[Data extracted from a collection]
########################################
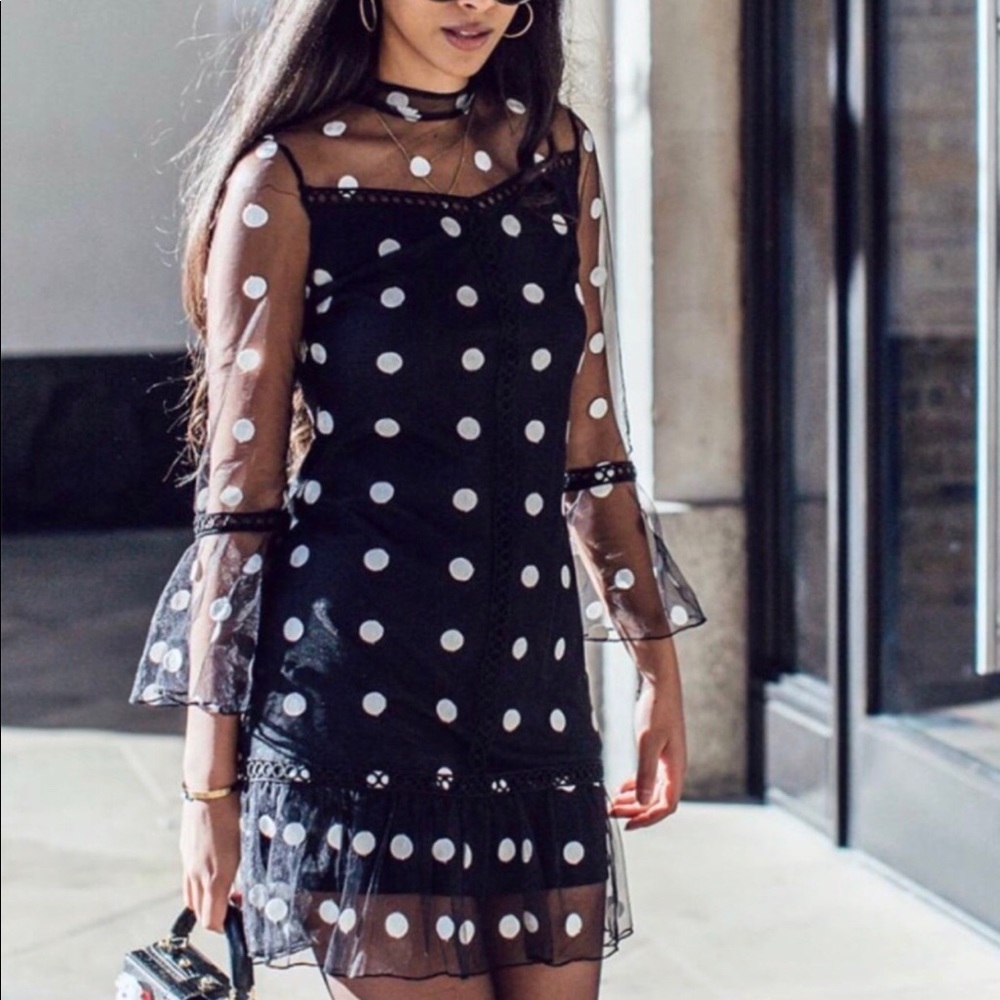 Monaco sheer mini dress💥 - Picture 4 of 4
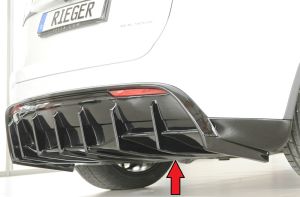 Rieger rear diffuser SG without CT fits for Tesla Model Y (003)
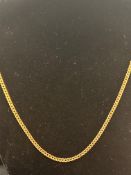 9ct Gold chain Length 56 cm Weight 10.8g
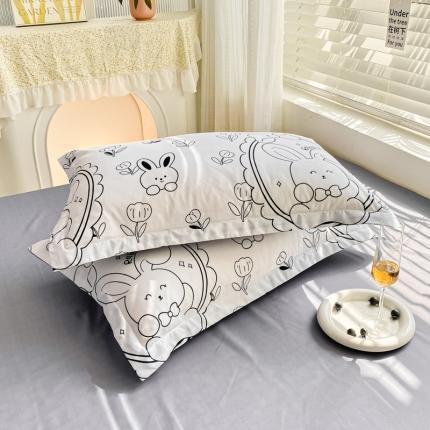 91家纺网 家纺一手货源 找家纺 （总2）漫仙阁家纺 2023新款亲肤棉芦荟棉单品枕套一对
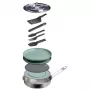 STANLEY Wildfare Core Fry Pan Cookset 0.94L 4-Piece Camping Cookware Set Blue-Gray/Dark Gray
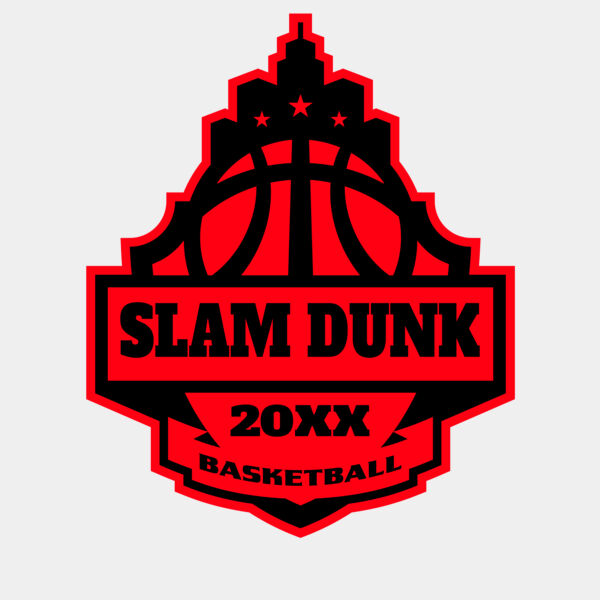 SLAM DUNK Basketball Logo Template Thumbnail
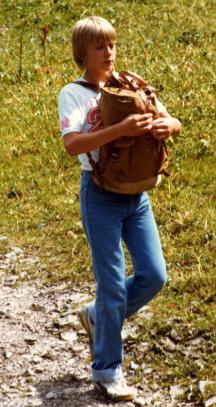 Andreas auf der Schulreise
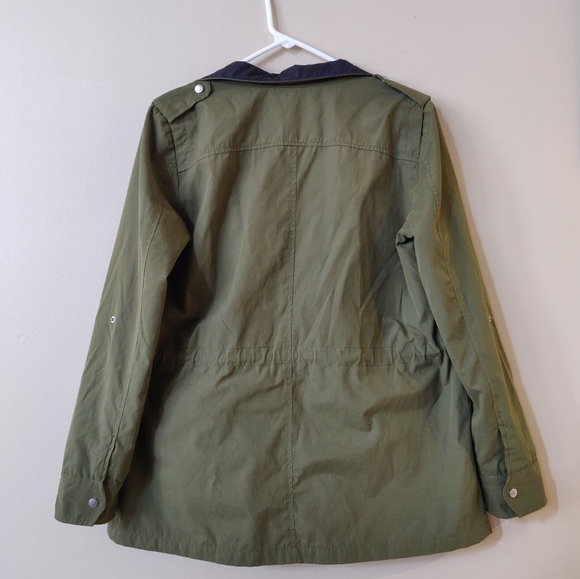 🌠2/$35🌠 Korean Army Green Lined Spring Jacket - Picture 2 of 7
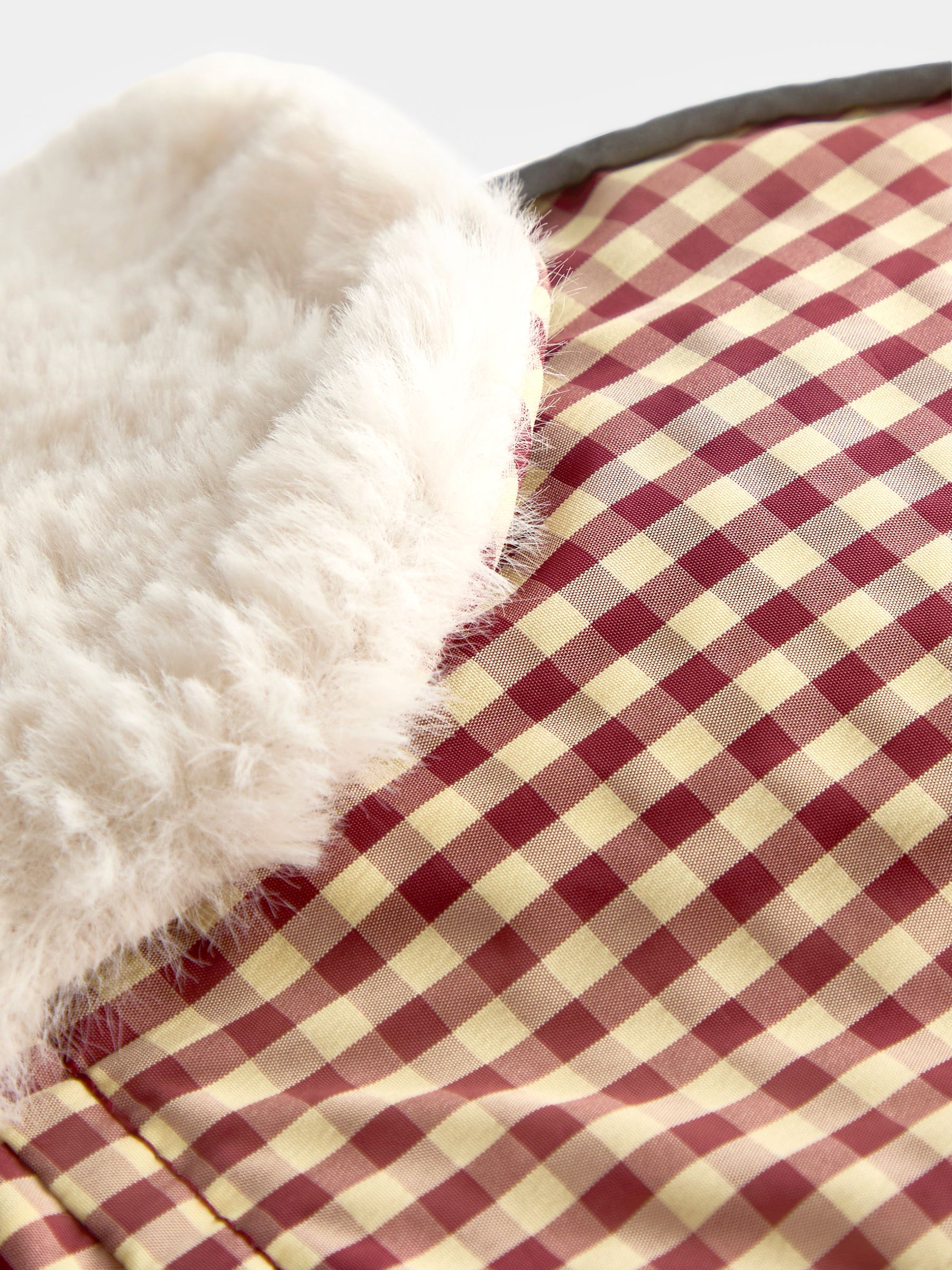 Brown Gingham Cosy Trapper Hat - Image 3 of 3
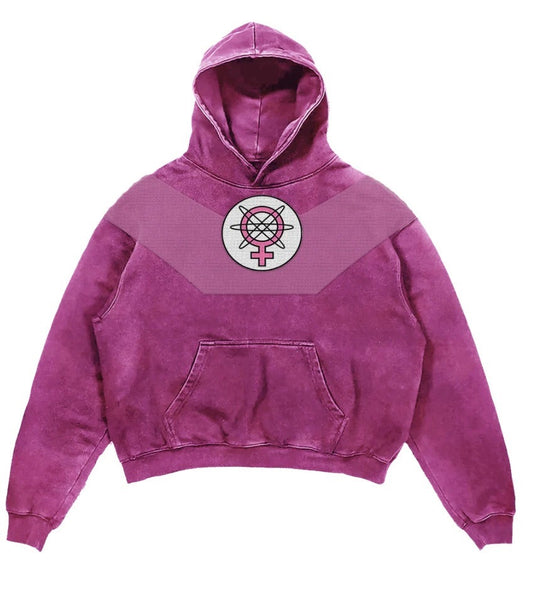 Mens Digital Print Hooded Shirt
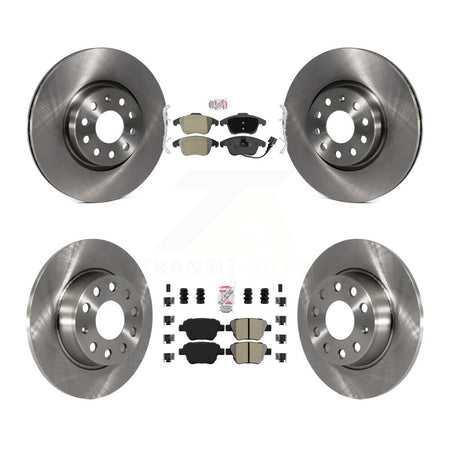 Front Rear Semi-Metallic Pads And Disc Brake Rotors Kit For 2012-2014 Volkswagen Passat K8A-106889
########################################
Goal of the exercise: Reproduce exactly the lines above from the one with "STANLEY Wildfare Core" through the last line of the data, keeping both ends and dropping the pictures.

Exercise response:
 STANLEY Wildfare Core Fry Pan Cookset 0.94L 4-Piece Camping Cookware Set Blue-Gray/Dark Gray
 SLAM DUNK Basketball Logo Template Thumbnail
 Andreas auf der Schulreise
 🌠2/$35🌠 Korean Army Green Lined Spring Jacket - Picture 2 of 7
 Brown Gingham Cosy Trapper Hat - Image 3 of 3
 Mens Digital Print Hooded Shirt
 Front Rear Semi-Metallic Pads And Disc Brake Rotors Kit For 2012-2014 Volkswagen Passat K8A-106889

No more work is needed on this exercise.